Right now, I am using a JS queryDef select to get all records then iterate over them one by one to update the corresponding fields for that target. This then updates the temporary schema in the workflow.

This is an issue for two reasons:

  1. Over 10,000 records needs to page the queryDef as the maximum individual select can only be 10k
  2. At some point over 10k records you run out of JS memory (even after increasing the JS memory)

Adobe Support says its a bad practice, but haven't suggested an alternative as this is probably Consulting

Is there a better way to do advanced enrichment during a workflow with >10k records?

This post is no longer active and is closed to new replies. Need help? Start a new post to ask your question.
Best answer by Darren_Bowers

I found this which is exactly what I want to do (but with queryDef paging): https://technowide.net/2017/05/19/iterating-custom-functions-record/ 

But I can't see where the TempResponse temporary schema is created in the example. Is this created as a normal Schema beforehand? I think I am missing something here...

5 replies

Milan_Vucetic
Level 9
March 9, 2020

Hi @darren_bowers ,

 

if you already have JS and issue with JS memory/JS records limit, you can select records in batch.

Set batch to 5K or more (but lower than 10K) and you will process as many records as you want without errors.

 

var currentStartLine= 0;
var recordsToFetchPerBatch = 5000;
var loop = true;

while(loop){
var query = xtk.queryDef.create(
<queryDef schema="xtk:some_schema" operation="select" lineCount={recordsToFetchPerBatch} startLine={currentStartLine} >
<select>
<node expr="@node"/>
..
</select>
</queryDef
);
result = query.executeQuery();
if(Object.keys(result).length>0){
//do stuff
//
currentStartLine = currentStartLine + recordsToFetchPerBatch;

}else
loop = false;

}

 

Regards,

Milan

Darren_Bowers
Level 9
March 9, 2020
Thanks Milan - I was doing this previously but still found that after a few batch loads it ran out of memory. I think its because some of the objects dont release their JS memory properly.
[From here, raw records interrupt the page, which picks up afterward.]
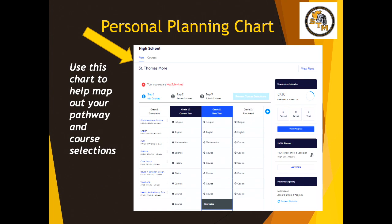Here's the personal planning chart you will use to make your course selections on MyBlueprint. You'll be in the Grade 10 column selecting all of your courses. The Grade 10 course column is slightly longer than the other grades because of the half-credit courses in Careers and Civics.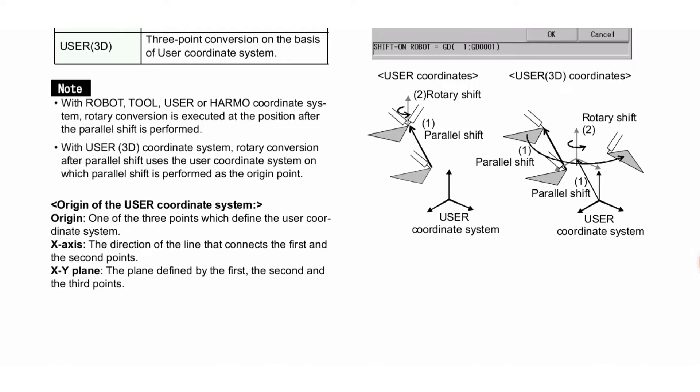Origin of the USER coordinate system: Origin is one of the three points which define the user coordinate system. X-axis: the direction of the line that connects the first and second points. XY plane: the plane defined by the first, second and third points.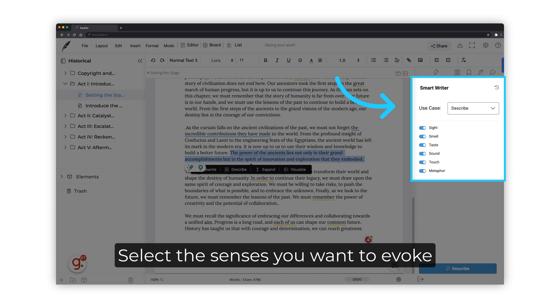Then, select the senses you want to evoke. These can be sight, smell, taste, sound, or touch. You can also choose to describe the text using a metaphor.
Its hard to diagnose because of the lack of tools available to profile the memory.
Darren_Bowers
Level 9
March 11, 2020

Hi @milan_vucetic - attaching some example code here as I cant do it in the comment thread. 

If you comment out the line that does the write back (datalayer.writeRecord(record);) , then the query will load all records properly and in the correct batches. If you write back to the temporary schema, then the select will miss a bunch of records.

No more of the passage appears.